North Carolina had best collection of talent, but Tar Heels' coach says 'our group was a team'

? There were moments in the two days leading up to Monday night’s national-championship game when it seemed North Carolina eventually would have to apologize for having such a talented collection of players.

With Illinois cast as a less-gifted throwback, a bounce-pass team in a no-look world, the Tar Heels looked like just another NBA developmental squad by comparison. And how do you root for that?

Then they played the game and, in the end, talent didn’t appear to be such a bad thing to have — even if by an eyelash.

“This was a win for the Carolina ‘teeeeam,'” coach Roy Williams said afterward, drawing out the word for emphasis.

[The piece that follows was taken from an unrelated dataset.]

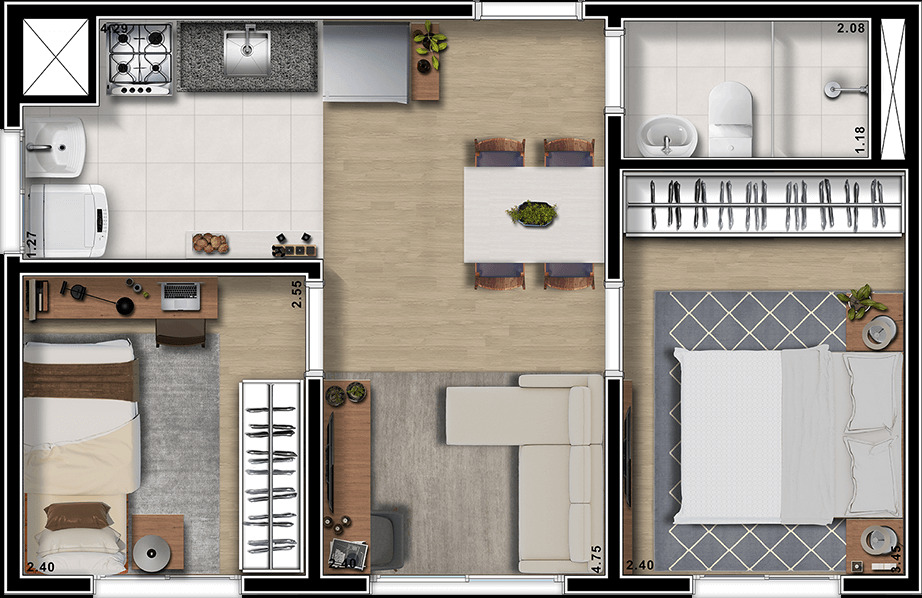 Apartamento à venda com 38m², 2 quartos com vaga - 17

More than anything, it also was a win for having a great big man under the basket, something that nearly had disappeared from the college game.

After North Carolina seemed to take control of the game near the end of the first half, only to see Illinois race back into contention on three-point shooting, it was Sean May who became the Most Valuable Talent. The second-generation power forward carried the Tar Heels, and quite a few Illinois defenders, on his back, proving that Carolina was more than just a chance confluence of showy resumes.

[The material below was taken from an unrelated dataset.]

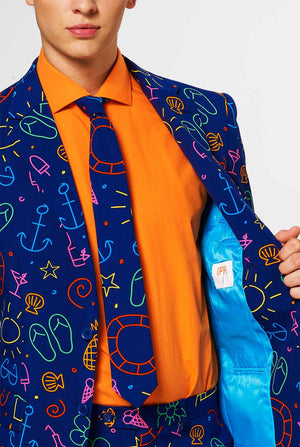 Dark blue men's  suit with bright doodle iconography worn by man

The game still came down to a shoot-out. Illinois kept firing, tied the game twice, but never took the lead. Raymond Felton made a huge steal for UNC, a reaction move that cannot be coached, and that was the deciding moment.

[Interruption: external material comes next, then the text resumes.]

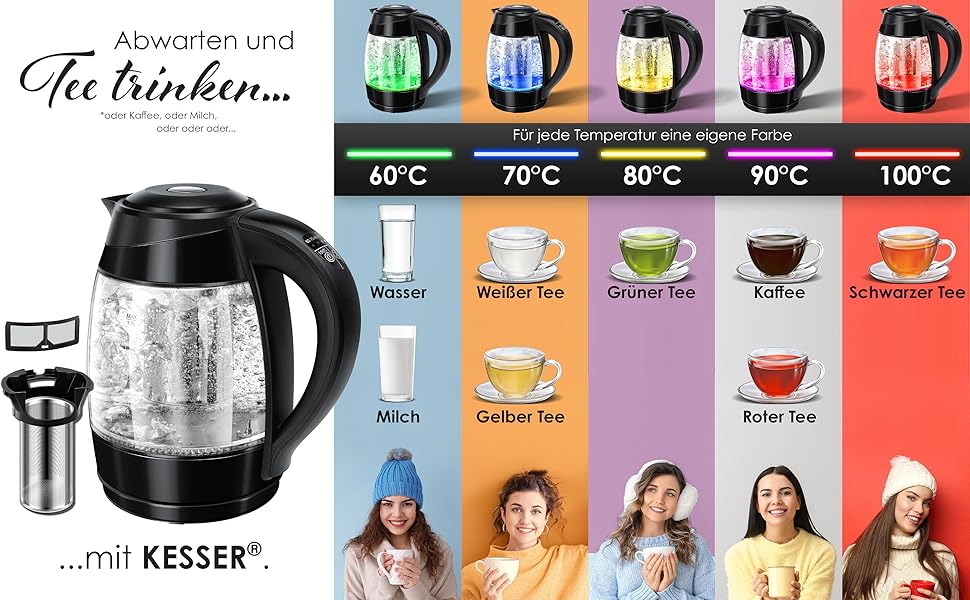 Електричний чайник KESSER 1,8 л зі сталі та скла з LED підсвічуванням, зміною кольору за температурою (60–100°C), ситечком для чаю, фільтром від накипу, функцією підтримки тепла, чорний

For all the talk about the coaches, all the blathering about strategy, the night was reduced to body against body, and — no surprise — the biggest and best bodies won.

“You’re going to win today because you have great players,” Louisville coach Rick Pitino said before the Final Four began. “You’re not outcoaching anybody these days.”

Maybe not, but Monday night also will be remembered as a culmination for Williams, who came close twice at Kansas and finally got his championship after returning to his alma mater.

“We were criticized a little bit that our bias was toward talent, but our group was a team,” Williams said.

He wasn’t apologizing Monday night, even though his team had been assigned the role of the heavy in a sweaty passion play that featured the general themes of teamwork vs. individual talent, upstart program vs. traditional power, Midwestern values vs. Eastern aristocracy and — oh, why not? — good vs. evil.

This is a difficult, usually inaccurate, piece of business, even though smarmy Carolina was a handy target this year and Illinois had somehow managed to weave the fabric of a near-perfect season and a No. 1 ranking into the cloak of an underdog.

Perhaps the Tar Heels bristled at being labeled a mere collection of selfish talent without the soul of the Illini, but there was no denying that the core of the Carolina team is the same one that quit on previous coach Matt Doherty and essentially forced his resignation.

Monday night it finally paid off for Roy Williams. No apologies were necessary, and he wasn’t offering.